Sendo um jogo Nintendo 3DS, não esperem a fidelidade gráfica das consolas caseiras, com o trabalho principal da produtora a ser focado em usar estas texturas e estes efeitos em prol do cômputo geral. Isto é tão válido para os que preferem jogar com o efeito 3D da consola no máximo ou sem efeito algum. A qualidade está lá, aliás, esta atmosfera impregna-se de tal forma que os olhos não repararam na baixa resolução de algumas texturas.

O grafismo tem na sonoplastia uma excelente aliada. A banda sonora é sólida, porém são os efeitos que sublinham a desconfiança, que não dão descanso à atenção. Colocando os auscultadores, espalhando marcadores pelo cenário para indicar pontos de interesse, andando para trás e para a frente nos cenários enquanto usamos a habilidade Pulse para compreender o que nos rodeia, assimilando que os inimigos voltam a aparecer quando regressamos a uma área já visitada, é o desafio presente que não dá descanso à exploração num pedaço de plástico com dois ecrãs entre as mãos.

Portanto, Metroid: Samus Returns é uma recomendação sem grandes reticências. A Nintendo tem mérito, obviamente, mas não foi a casa de Quioto que desenvolveu o jogo em questão. Todos estes elogios encontram o seu recipiente sem sair da Europa, aliás, sem sair da Península Ibérica. Depois de trabalhar com a Konami na série Castlevania, esta reimaginação é o resultado do labor da madrilena MercurySteam.

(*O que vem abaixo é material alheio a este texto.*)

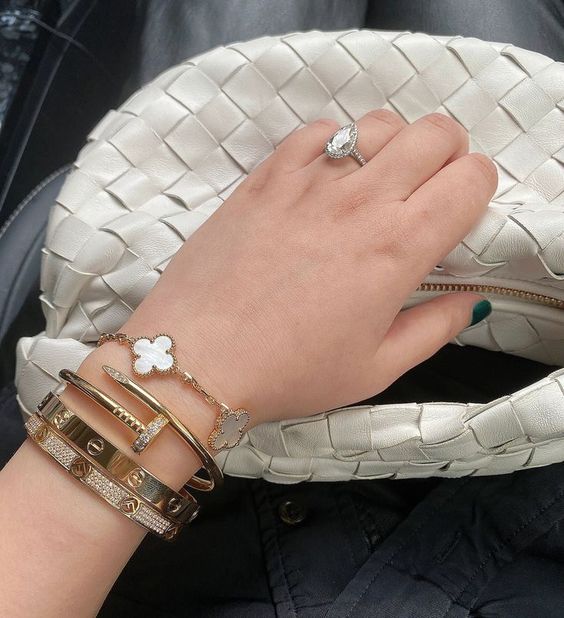 DELUXE NEGLE ARMBÅND | GULL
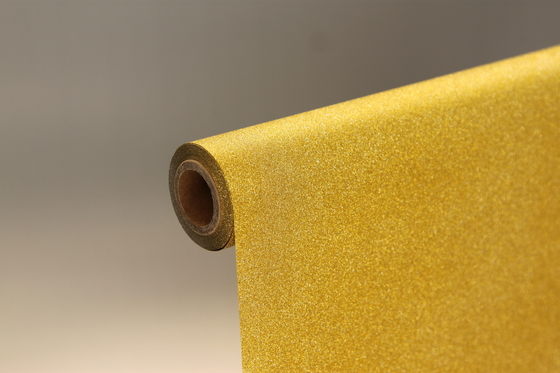 Aggiorna i tuoi materiali commerciali con film di laminazione glitter effetti glitter personalizzabili per una finitura lussuosa
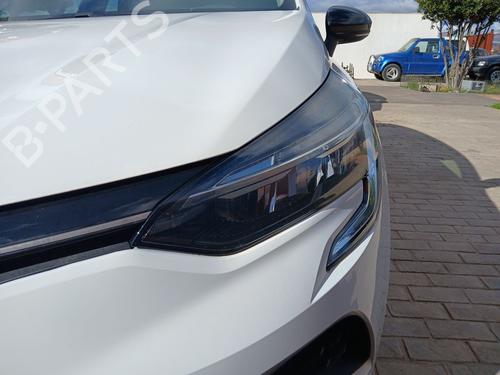 Used Left headlight RENAULT CLIO V (B7_) 1.5 Blue dCi 100 (B7AD) (101 hp) 32844390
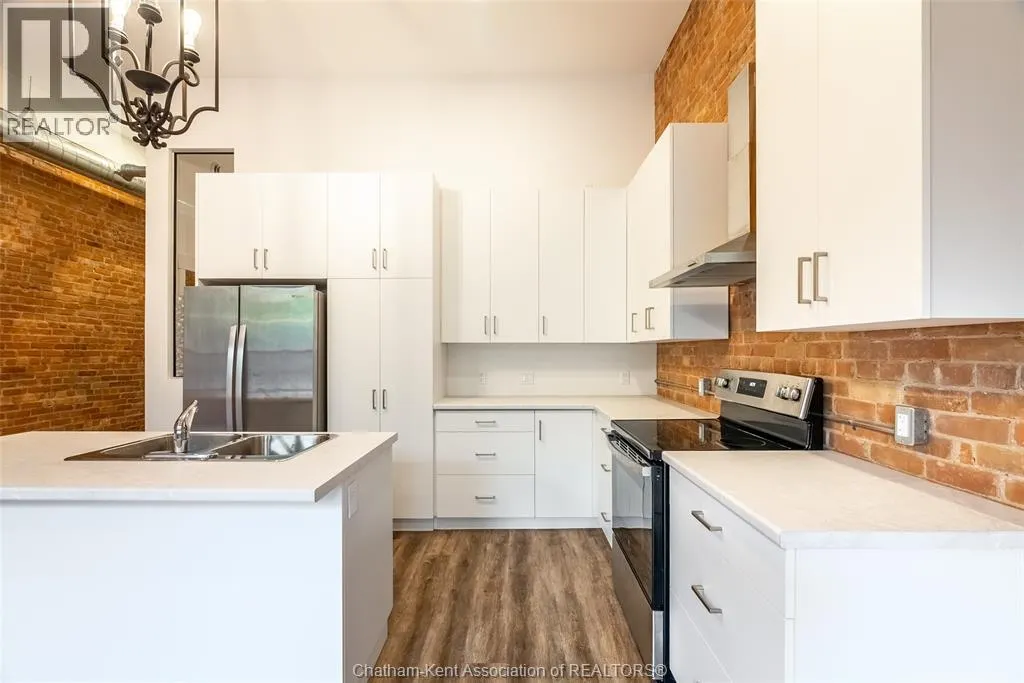 164 King STREET West Unit# 201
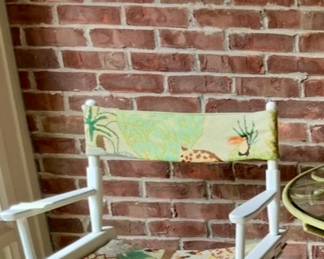 A closer pic of the Director's chair.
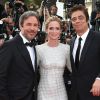 Denis Villeneuve, Emily Blunt, Benicio Del Toro - Montée des marches de l'équipe du film "Sicario" lors du 68e Festival International du Film de Cannes le 19 mai 2015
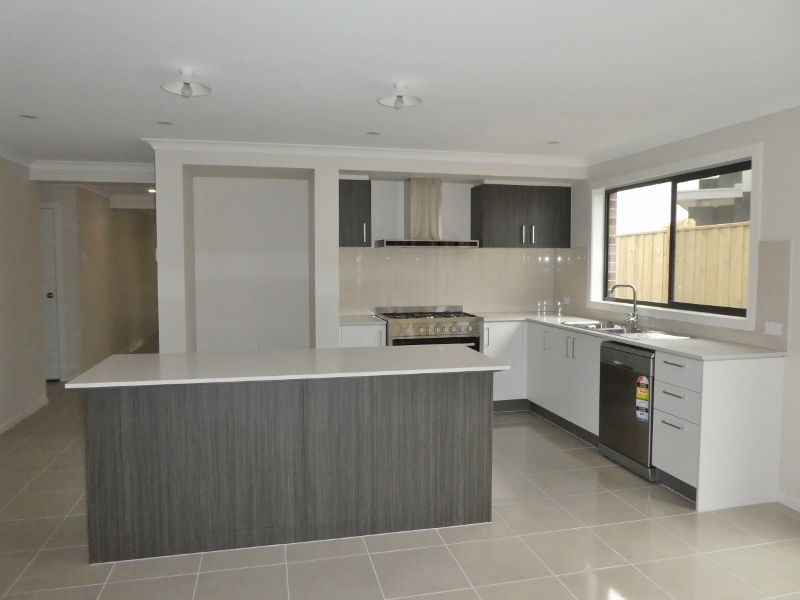 6 Seed Crescent, CLYDE NORTH, VIC 3978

Pode-se alegar que Metroid II: Return of Samus nem sequer é o melhor jogo da série, mas esta versão que agora chega ao mercado é uma afirmação: no meio de tanta acção e de tanta evolução, os momentos que ficarão comigo de Samus Returns é quando estive todo no videojogo, sem barreiras de hardware, simplesmente com um arrepio na espinha enquanto, completamente sozinho, tive de me superar mais uma vez. Em vez de ser uma proposta datada de outrora, é antes uma boa adição ao catálogo da Nintendo 3DS. A Nintendo anunciou que Metroid Prime 4 está em desenvolvimento para a Nintendo Switch. A indústria precisa dele, mas sobretudo os fãs da série merecem um novo Metroid, um grande Metroid, como são praticamente todos.